Querying RDF Graphs with GraphQL
This document is part of the TopQuadrant GraphQL Technology Pages
Introduction
TopBraid takes SHACL shape definitions or GraphQL schemas as input and generates an enhanced GraphQL schema that provide numerous features to query data stored in an RDF dataset. In this document we take the viewpoint of a typical GraphQL user, such as a UI developer or data analyst, to explain which features are available. Our starting point is a GraphQL schema:
Example GraphQL Schema
type Human {
id: ID!
name: String!
height: Float
friends: [Human]
}
The processor will internally convert it to SHACL and then generate the following GraphQL schema:
Example GraphQL Schema
schema {
query: RootRDFQuery
}
type RootRDFQuery {
humans (... filters etc, see later...): [Human]

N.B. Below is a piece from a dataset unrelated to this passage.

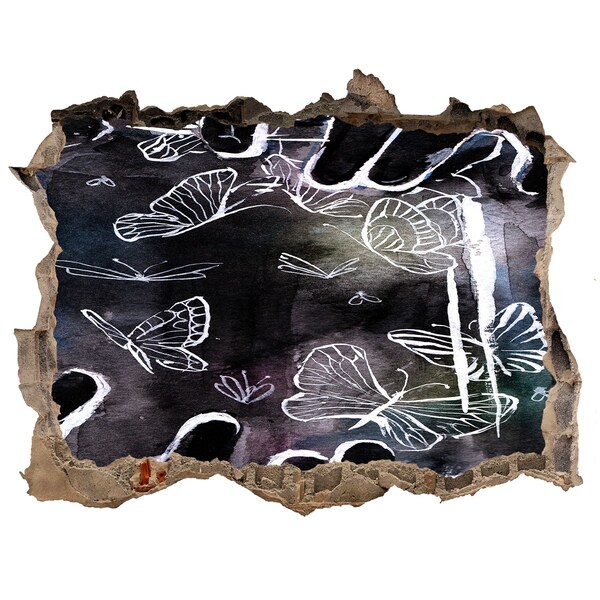 Autocollant mural trou Des papillons dans un espace magique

... generated fields for aggregations and introspection ...
}
type Human {
uri: ID!
label: String!
id (... filters etc...): ID!
name (... filters etc...): String!
height (... filters etc...): Float
friends (... filters etc...): [Human]
... generated fields for aggregations, derived values ...
}
As shown above, the system automatically produces a root query object that has fields for every public shape, with a name that is basically the plural form of the shape name. These root query fields can take a large number of arguments to select which of the matching objects shall be returned, but we get to that later.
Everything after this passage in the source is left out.